After: Specific & Local
Only DC1 app checks
Benefits: fewer checks, stable stickiness, predictable routing, easy troubleshooting.
FAQ
Q: If my wildcard allows “all ports except 53,” will ZPA test all those ports?
Yes. The connector will attempt reachability on every port you include in the app segment. That’s why broad port ranges are costly. Put only the real ports in the segment definition.
Q: Can I keep F5 GTM in front of apps?
You can for non‑ZPA clients, but don’t point ZPA at GTM VIPs. ZPA already provides brokering and stickiness; adding GTM creates two competing LB layers.
Q: What’s a healthy target?
Keep each connector to ~6,000 health checks per cycle or fewer, and ensure connector concurrency stays comfortably below its limits. Scale out by adding connectors to the group if needed.
Appendix: App Inventory Template
Use this table to drive the migration. One row per app or major component.
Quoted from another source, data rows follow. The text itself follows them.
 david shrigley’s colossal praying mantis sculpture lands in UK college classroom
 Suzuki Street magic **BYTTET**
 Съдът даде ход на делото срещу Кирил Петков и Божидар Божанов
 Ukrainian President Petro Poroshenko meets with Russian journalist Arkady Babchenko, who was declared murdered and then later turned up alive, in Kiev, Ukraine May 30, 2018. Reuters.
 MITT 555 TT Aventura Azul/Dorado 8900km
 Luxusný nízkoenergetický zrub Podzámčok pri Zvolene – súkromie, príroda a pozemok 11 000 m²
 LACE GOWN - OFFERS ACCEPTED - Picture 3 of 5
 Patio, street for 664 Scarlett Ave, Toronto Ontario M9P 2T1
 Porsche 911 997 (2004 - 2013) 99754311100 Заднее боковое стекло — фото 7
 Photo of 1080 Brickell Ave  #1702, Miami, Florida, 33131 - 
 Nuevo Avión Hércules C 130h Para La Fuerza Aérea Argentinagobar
App / Owner | FQDN(s) | Ports (TCP/UDP) | Home DC | ZPA Connector Group | Health Interval | DR / Failover Notes |
---|---|---|---|---|---|---|
ERP | erp.dc1.corp.local | TCP 443, TCP 1521 | DC1 | CG‑DC1‑Core | 60s | Enable DC2 segment during DR only |
RDP Farm | rdp.dc2.corp.local | TCP 3389 | DC2 | CG‑DC2‑Core | 120s | GUI only; no UDP 3389 required |